The script by director Stephen Sherwood is more consistently successful, though it could be trimmed. He sets it up nicely through that initial meeting, removing John's befuddlement through Michael pointing out that, 'I'm here about your death.' 'Oh, that,' he replies and they toast, 'To home!' Anyone who misses that moment, which I've unfortunately just highlighted, may find themselves figuring out what's going on. The base idea could be a futuristic technology thing, or an immortality thing or a deal with the devil thing, as there's someone outside in the car that John thinks is 'creepy as Hell.' But, before we get the explanation, we get to watch John have a glorious time with Helen.

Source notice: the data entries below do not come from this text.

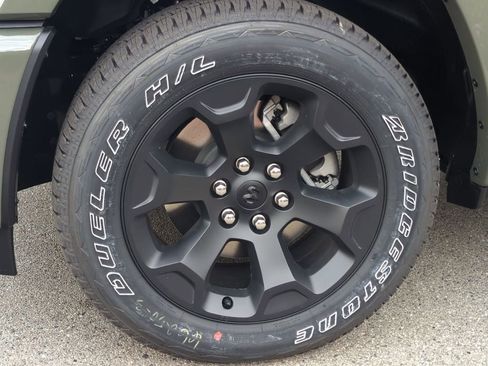 New 2026 RAM 1500 Big Horn image 7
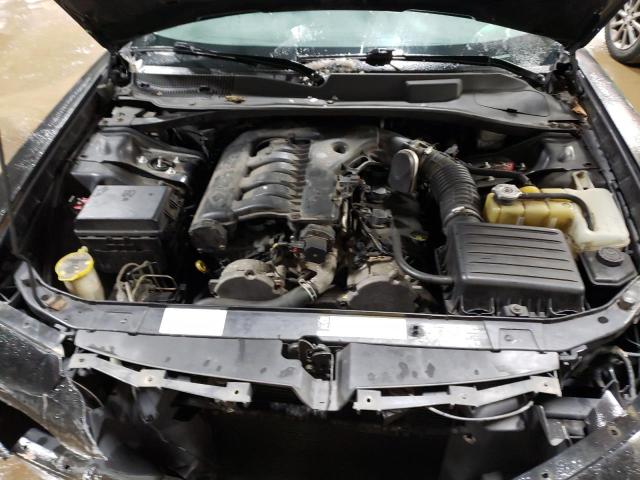 Photo 11 from auction – 2008 DODGE CHARGER with VIN 2B3KA43G18H190714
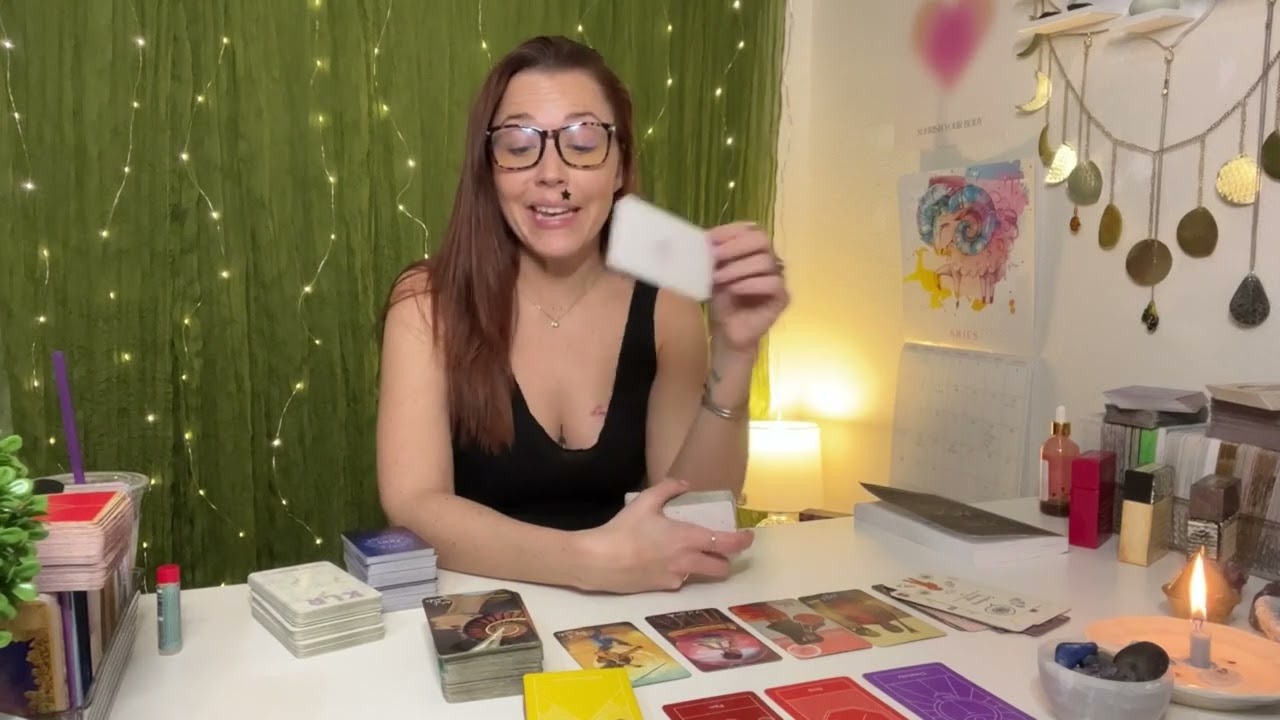 LIBRA ♎️DON'T GIVE THEM A REACTION. KEEP MOVING FORWARD THIS PART ISN'T FOR THEM TAROT READING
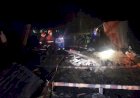 Kebakaran Gudang Di Purbalingga, Ribuan Ayam Mati Terpanggang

I did appreciate these scenes, even though they're the least important from a science fiction angle (but perhaps the most important from a dramatic one), as it's always refreshing to watch older characters actually have energy, have sex, have activity in their lives that isn't just playing bingo down at the old folks' home.

Inspired in part, say the credits, by John Scalzi's wonderful novel, Old Man's War, it aims to create a world believable enough to hang a number of concepts off. This may be the most successful angle to the short, as we work through quite a few during the second half and they both keep our attention and send off our minds to ponder on their ramifications. It wouldn't be difficult to build further stories on the universe that we're given a little glimpse of here. Unfortunately the visual side, while again not being bad, doesn't live up to the story that wants more. Most of these concepts appear and disappear during a conversation, as John and Michael set a stage that we never see dressed or acted upon. I did enjoy Passing, but I'm more intrigued in what happens behind its story: what went before, what will come after and what's happening off screen as this little drama unfolds. A tagline for this could be as human as a truism Michael tells John: 'The price of love is loss.' But, as human as this story is, it wants to be a heck of a lot more.